Escuchó los pasos acercarse a donde ella estaba acostada, empuñó fuertemente las manos y tiró hacia abajo, querido sacarlas de las esposas, pero sabía que sería imposible y solo se estaba lastimando más.

Podía sentir claramente la presencia de alguien parado junto a la cama, podía escuchar su pesada respiración, y ni siquiera podía gritarle que se largara.

El suave toque de las yemas de unos dedos se posó en una de sus rodillas, pero para ella era como si le estuviesen abriendo la piel con hojillas; su espalda se arqueó y todo su cuerpo entró en tensión.

No iba a permitir que la tocaran, no iba a permitir que pusieran sus sucias manos encima de ella, por lo que empezó a mover las piernas; lo poco que podía las flexionaba y estiraba con violencia, tan fuerte, que los grilletes en sus tobillos empezaron a pelarle la piel.

—Tienes que calmarte —habló alguien a través de un modulador de voz, era un tono terrorífico, de esos comunes en las películas—. Si te pones histérica será peor, solo mantén la calma si quieres salir con vida de aquí. —La sostuvo por las rodillas, apretándolas con fuerza, dejándole saber que era quien tenía el poder.

Era mentira, Elizabeth sabía que era mentira, que ya no saldría de ahí, que lo último que vería sería ese trapo negro; quiso seguir moviéndose, pero las grandes manos le apretaban con mucha fuerza las rodillas.

—Desde este momento tendrás que obedecerme, hacer todo lo que yo te pida… —dictaba sus órdenes y Elizabeth negaba desesperadamente con la cabeza—. ¿Tienes sed? —preguntó.

Elizabeth se quedó muy quieta, claro que tenía sed, se estaba muriendo de sed, pero volvió a negar con la cabeza porque no quería absolutamente nada que viniera de sus raptores.

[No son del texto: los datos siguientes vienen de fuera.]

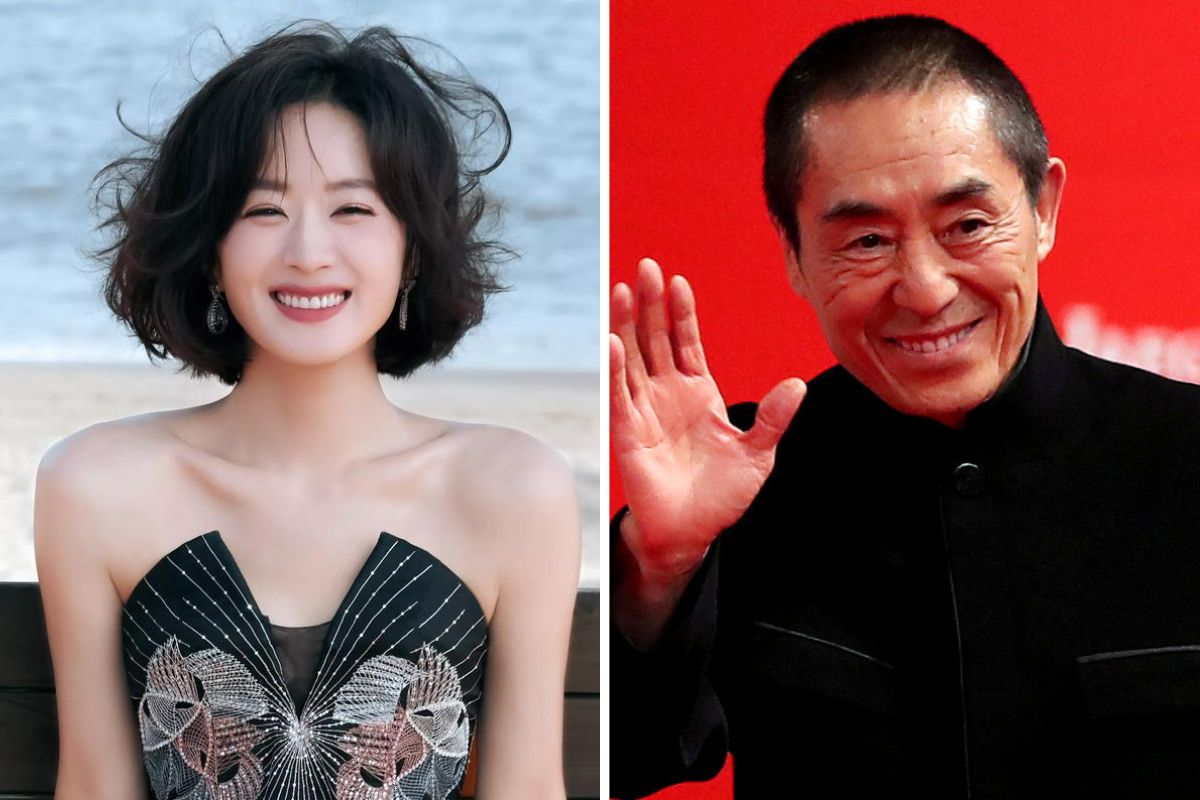 Actor Zhao Liying and director Zhang Yimou. Photo: Xinhua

—Sé que sí, que te mueres por un vaso de agua, pero no te lo daré hasta que digas que obedecerás a todas mis peticiones. —La apretó un poco más, pero después la soltó.

Elizabeth jadeó de alivio, pero solo ella sabía que había hecho eso, ya que la cinta en su boca estaba muy apretada y no le permitía hacer nada. Sintió los pasos alejarse y una vez más la puerta emitió un sonido amortiguado.